- Listed records:
........

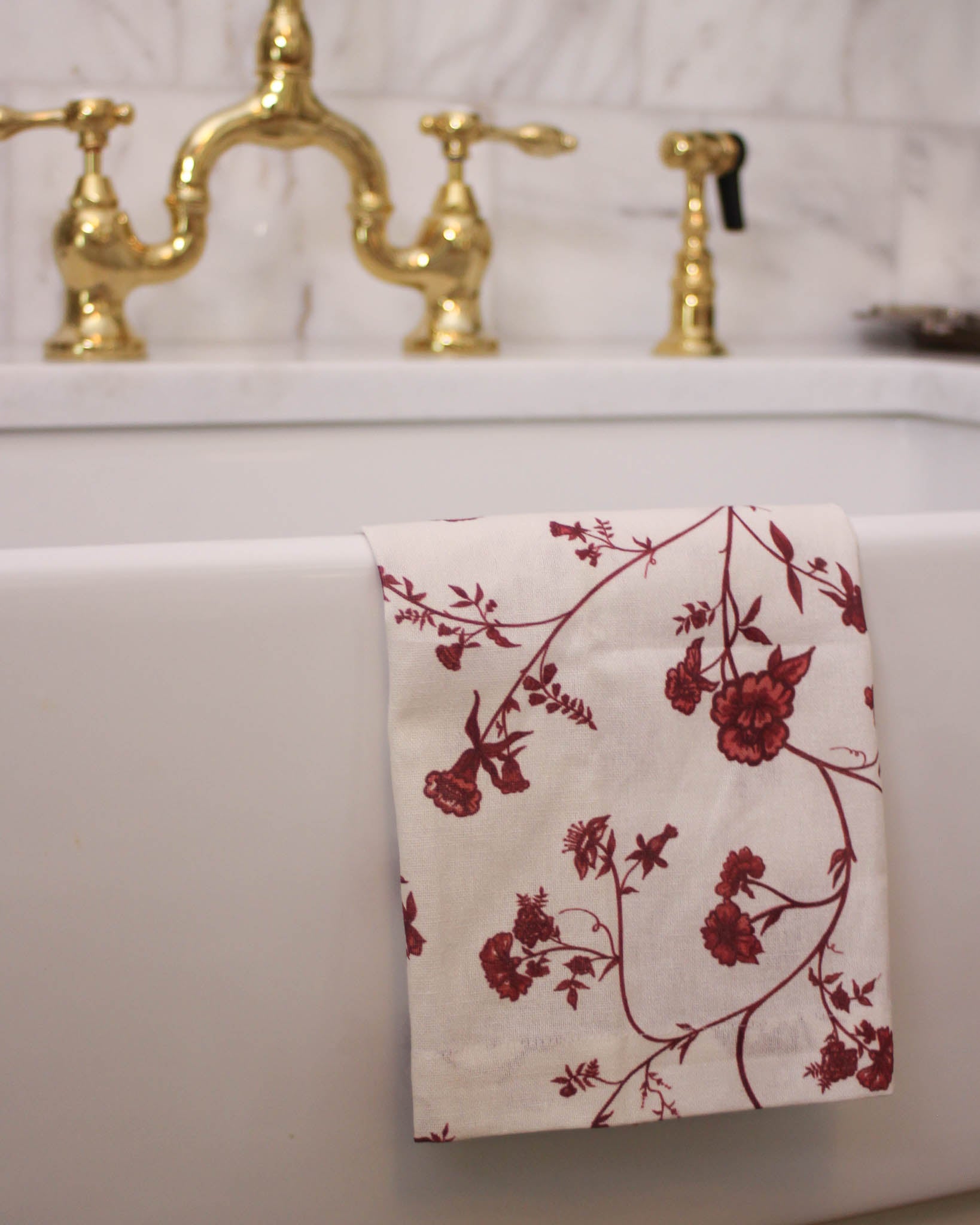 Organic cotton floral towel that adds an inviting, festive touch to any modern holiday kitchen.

........

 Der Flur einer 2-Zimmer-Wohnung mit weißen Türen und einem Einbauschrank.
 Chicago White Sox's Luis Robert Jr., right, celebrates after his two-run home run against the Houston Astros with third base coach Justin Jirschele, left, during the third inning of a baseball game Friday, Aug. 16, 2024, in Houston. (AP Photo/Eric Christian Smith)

........

- Aim of the task: Would you print exactly and only the lines of the material above that run from the line with "Der Flur einer" through the line with "Chicago White Sox's", both included?

- Response:
 Der Flur einer 2-Zimmer-Wohnung mit weißen Türen und einem Einbauschrank.
 Chicago White Sox's Luis Robert Jr., right, celebrates after his two-run home run against the Houston Astros with third base coach Justin Jirschele, left, during the third inning of a baseball game Friday, Aug. 16, 2024, in Houston. (AP Photo/Eric Christian Smith)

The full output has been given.